Poisson GLM
koenvandenberge opened this issue · comments
Hi,
Suppose that I'd like to fit a constrained Poisson GLM using CVXR, much like the logistic regression example in the documentation.
The program does not seem to optimize the function using either maximum likelihood formulation
## MWE
library(CVXR)
y <- rpois(n=100, lambda=50)
X <- matrix(rnorm(100), ncol=1)
betaHat <- Variable(1)
obj <- sum(y* log(exp(X %*% betaHat)) - exp(X %*% betaHat))
prob <- Problem(Maximize(obj))
result <- CVXR::solve(prob)
or a Poisson loss formulation
obj <- mean(exp(X %*% betaHat) - y * log(exp(X %*% betaHat)))
prob <- Problem(Minimize(obj))
result <- CVXR::solve(prob)
returning the error Error in construct_intermediate_chain(object, candidate_solvers, gp = gp) : Problem does not follow DCP rules.

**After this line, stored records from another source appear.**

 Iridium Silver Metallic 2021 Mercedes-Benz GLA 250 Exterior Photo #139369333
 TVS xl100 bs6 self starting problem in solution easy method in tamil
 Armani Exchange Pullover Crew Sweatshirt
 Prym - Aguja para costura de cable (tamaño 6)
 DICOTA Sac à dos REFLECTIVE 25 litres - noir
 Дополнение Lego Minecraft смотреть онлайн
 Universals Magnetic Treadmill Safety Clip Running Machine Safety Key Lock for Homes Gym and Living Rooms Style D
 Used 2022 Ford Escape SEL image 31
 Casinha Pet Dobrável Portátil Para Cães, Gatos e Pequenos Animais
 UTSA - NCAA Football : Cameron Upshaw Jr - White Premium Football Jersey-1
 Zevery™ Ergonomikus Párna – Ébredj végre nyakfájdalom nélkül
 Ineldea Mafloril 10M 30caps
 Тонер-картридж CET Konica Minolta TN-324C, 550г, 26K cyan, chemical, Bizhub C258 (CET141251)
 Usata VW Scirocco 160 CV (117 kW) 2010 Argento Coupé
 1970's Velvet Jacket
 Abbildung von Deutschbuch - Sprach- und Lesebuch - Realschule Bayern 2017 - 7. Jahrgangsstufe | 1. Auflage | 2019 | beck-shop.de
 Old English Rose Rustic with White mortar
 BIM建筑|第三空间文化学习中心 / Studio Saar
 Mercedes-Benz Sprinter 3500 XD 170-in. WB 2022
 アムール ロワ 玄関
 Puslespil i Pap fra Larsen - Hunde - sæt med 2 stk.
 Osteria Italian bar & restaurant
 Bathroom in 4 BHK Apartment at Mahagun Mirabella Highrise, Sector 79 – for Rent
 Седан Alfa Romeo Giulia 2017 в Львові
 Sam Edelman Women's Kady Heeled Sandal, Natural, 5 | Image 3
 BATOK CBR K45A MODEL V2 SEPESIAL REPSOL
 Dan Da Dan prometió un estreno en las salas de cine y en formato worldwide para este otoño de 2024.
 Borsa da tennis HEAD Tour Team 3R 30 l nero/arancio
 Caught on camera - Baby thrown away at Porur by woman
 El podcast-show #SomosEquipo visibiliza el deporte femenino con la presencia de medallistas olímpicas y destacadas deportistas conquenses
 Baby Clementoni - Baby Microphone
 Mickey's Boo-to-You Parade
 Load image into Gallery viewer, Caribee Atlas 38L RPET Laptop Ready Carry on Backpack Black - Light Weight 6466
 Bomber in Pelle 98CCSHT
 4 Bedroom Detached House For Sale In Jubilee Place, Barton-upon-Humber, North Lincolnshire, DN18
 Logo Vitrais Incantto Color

However, the problem does follow DGP rules. Consider calling this function with gp = TRUE. Setting gp=TRUE gives an opposite error.
Am I overlooking something?
Not sure what you are trying to do with the logs/exp in the objective. See below. Both ways will yield the same result.
> y <- rpois(n=100, lambda=50)
> X <- matrix(rnorm(100), ncol=1)
> betaHat <- Variable(1)
> obj <- sum(y* X %*% betaHat - exp(X %*% betaHat))
> prob <- Problem(Maximize(obj))
> result <- CVXR::solve(prob)
> result$getValue(betaHat)
[1] 1.496695
> obj <- mean(exp(X %*% betaHat) - y * X %*% betaHat)
> prob <- Problem(Minimize(obj))
> result <- CVXR::solve(prob)
> result$getValue(betaHat)
[1] 1.496695
I see, that's useful. Many thanks!